Get ready for the Marty party

Boston’s Mayor-Elect Marty Walsh

Last week Pete Stidman, your representative on Mayor-Elect Marty Walsh’s Transition Team, rubbed shoulders with some big names in Boston’s transportation world and put forward a few ideas for change at the first meeting of the team’s Transportation & Infrastructure Working Group. The breadth of knowledge and experience in this and the other 11 working groups is impressive, and the inclusion of biking, walking, and access leaders on the team speaks to Walsh’s vision of an inclusive administration.

Outgoing Mayor Thomas Menino is also putting his best foot forward, detailing his administration’s programs and accomplishments on his own transition blog.

You can help collect the best ideas going by sharing what you’d like to keep, implement, or dream using this short and sweet questionnaire.
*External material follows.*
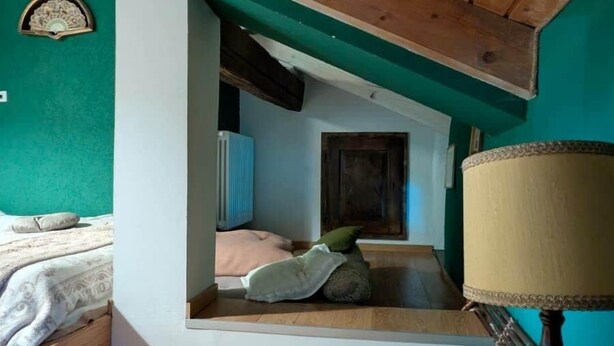 Une pièce avec un plafond en pente, des poutres en bois, un lit avec des oreillers, une table avec une lampe et un radiateur fixé au mur.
The ideas most likely to succeed will be those that include funding strategies or are cost neutral. The question we are charged with is not so much what is our goal, but how do we get to it from here?
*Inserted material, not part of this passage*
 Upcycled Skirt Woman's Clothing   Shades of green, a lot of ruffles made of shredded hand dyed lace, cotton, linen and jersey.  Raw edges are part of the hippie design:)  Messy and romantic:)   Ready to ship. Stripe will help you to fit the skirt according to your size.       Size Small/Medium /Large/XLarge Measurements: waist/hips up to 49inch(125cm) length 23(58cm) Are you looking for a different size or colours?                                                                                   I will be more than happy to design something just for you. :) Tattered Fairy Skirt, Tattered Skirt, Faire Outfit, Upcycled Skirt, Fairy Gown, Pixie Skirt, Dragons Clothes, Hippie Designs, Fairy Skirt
To make sure progressive transportation ideas are well supported and your specific ideas are heard you can also speak up at a massive town hall meeting this Saturday in Roxbury, or at hearings for Transportation (Mon., Dec. 16), the Environment and Parks (Tues. Dec. 17), or Public Health (Wed., Dec. 18). You can RSVP and find details for these and other hearings at boston14.org.
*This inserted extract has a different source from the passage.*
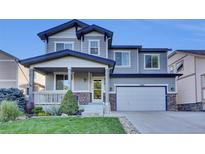 Charming two-story home with a covered front porch and well-maintained landscaping at 8489 S Quay St, Littleton, CO 80128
Some of the Bike Union’s key priorities during the transition include:

  • Increase spending on bike infrastructure from city, state or federal sources to $6 million per year, to meet the Boston Bike Network Plan’s five-year goal by the end of Marty’s first term.
  • Officially adopt the city’s Complete Streets Guidelines and create a multi-agency review board, including seats for walking, biking and transit advocates, to ensure developers and city departments are adhering to them.
  • Create a safety director position at the Boston Transportation Dept. to assist better crash and injury data collection at other city agencies and ensure its use in creating new street designs. (e.g. Help Boston Police implement PBCAT in their new CAD incident reporting system and ensure resulting data reaches transportation planners.)
  • Include cyclists in planning processes and encourage their participation in ‘friends of’ groups to support Boston’s parks.

Please support these ideas along with your own in your public and written comments! At each transition hearing, Boston residents will be able to share their ideas with working group leaders about how to improve the city. The ideas collected will be integrated into a final presentation that each working group will share with the Mayor at the end of January.

The support you show for bicycling improvements now can set the tone for the next four years and possibly more. Don’t miss this historic opportunity.